De que modo a digitalização das televisões vai alterar factores de difusão e programação, incluindo a noção (ainda) dominante de horário nobre? — este texto foi publicado no Diário de Notícias (19 de Junho), com o título 'A idade digital'.
No dia 12 de Junho, terminaram as emissões analógicas de televisão nos EUA: todo o país passou a estar coberto pela difusão digital. Tendo em conta o poderio económico da indústria audiovisual americana, e também o seu apelo simbólico, isto significa que a idade digital da televisão entrou num período irreversível (mesmo não esquecendo que, segundo dados divulgados pela Nielsen Media Research, há ainda 2,8 milhões de lares que não estão equipados para o novo sistema). Independentemente dos seus recursos específicos e da posição que ocupam no entertainment global, todos os países vão ser afectados por este processo (também em marcha em Portugal).

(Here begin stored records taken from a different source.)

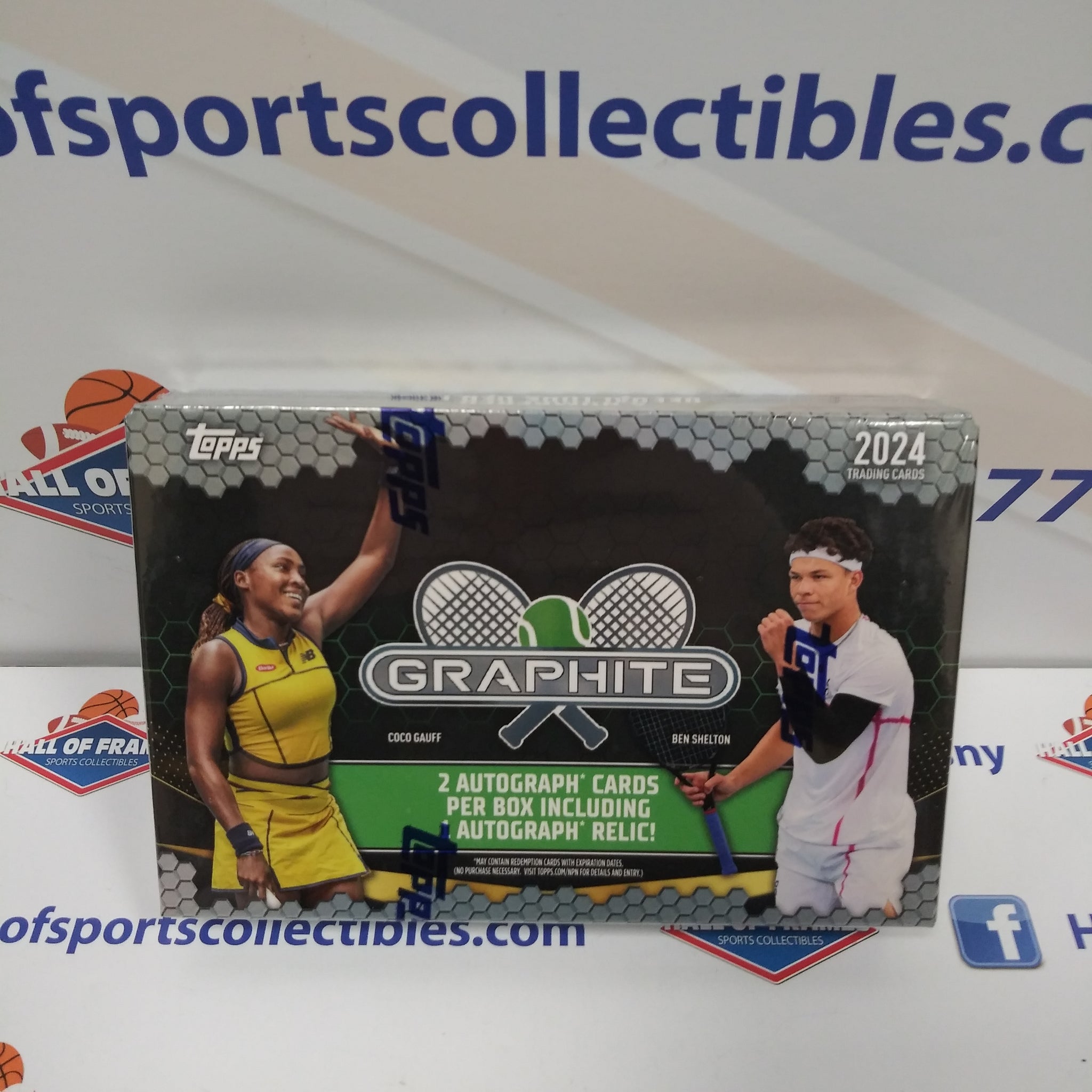 2024 TOPPS GRAPHITE TENNIS HOBBY BOX! FIND 2 AUTOGRAPHS!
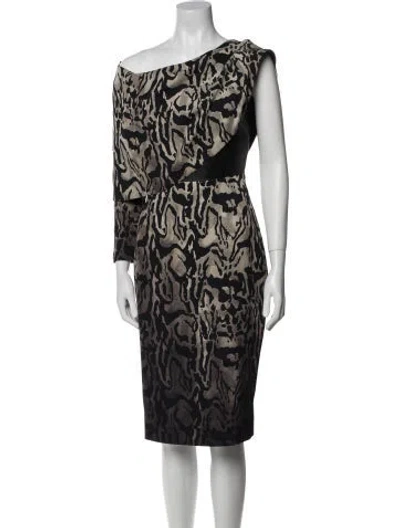 Pre-owned Tom Ford Silk Knee-length Dress In Black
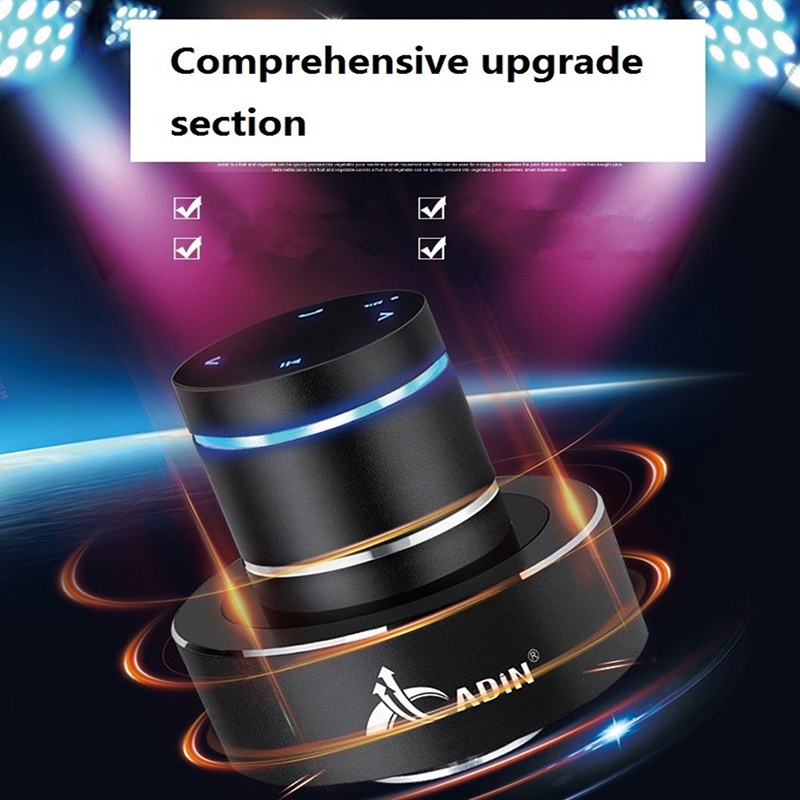 Adin 26W Vibration Speaker Bluetooth B Porle Speakers Wireless Resonance Press Stereo Subwoofe NFC Handsfree with c. 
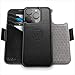 Produktbild Dreem Fibonacci kompatibel mit iPhone 15 Pro Brieftaschen-Etui / 2-in-1 stoßfestes Etui und abnehmbares Folio aus veganem Leder, MagSafe-kompatibel, RFID-Schutz [Schwarz]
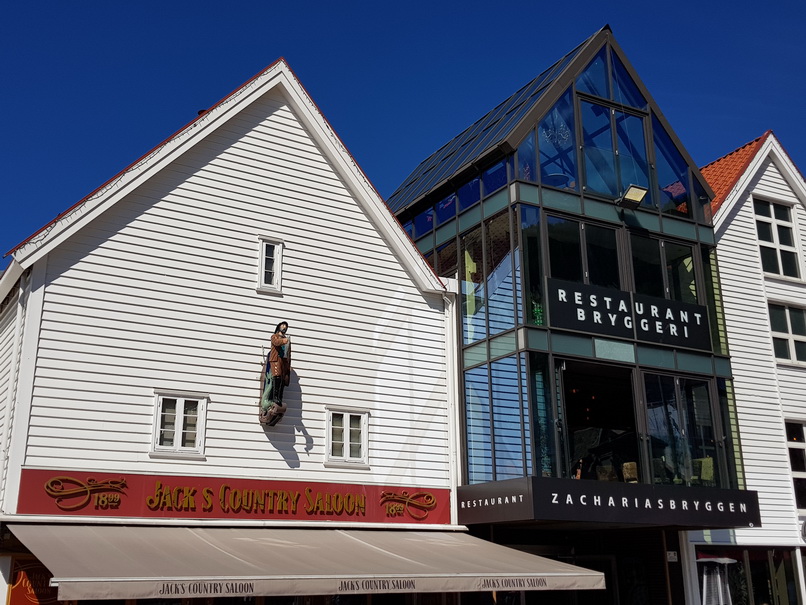Bergen Fischmarkt Torget Königskrabbe, Wal, Hummer und Muscheln Lachs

O que é desconcertante, nos EUA ou em qualquer outro contexto, é o facto de a digitalização da televisão se estar a impor como uma espécie de destino tecnológico, sem que tal desenvolvimento seja acompanhado de uma reflexão profunda sobre padrões e paradigmas das próprias emissões. Entre outras dúvidas que se podem formular, vale a pena repetir a mais básica. A saber: até que ponto (e de que modo) a diferenciação dos produtos, exponenciada pelo digital, vai pôr em causa os modelos tradicionais da televisão generalista?
Porque, repare-se, o que está a acontecer não se reduz a uma mudança de aparelhagens. Em boa verdade, estamos a assistir à lenta decomposição das leis clássicas de conceber e programar televisão, e tanto mais quanto são cada vez mais evidentes os cruzamentos vários entre televisão e computador, espectáculo e informática, pequenos ecrãs e grandes ecrãs.
Lembremos apenas como o digital vai multiplicar a possibilidade (já existente) de cada espectador registar as emissões que quiser, para a elas assistir nos horários que escolher. Na prática, isto significa um abalo fortíssimo no conceito, também ele clássico, de horário nobre. Os seus efeitos poderão sentir-se desde o plano simbólico (o que será uma estrela de televisão quando já não houver horário nobre?) até aos movimentos de capital (como vão evoluir os espaços publicitários e, claro, o seu valor comercial?). “Melhor” ou “pior”, não tenhamos dúvidas que a televisão vai ser muito diferente. Aliás, já agora, usemos o plural: as televisões, se estimarmos o princípio básico da diversidade.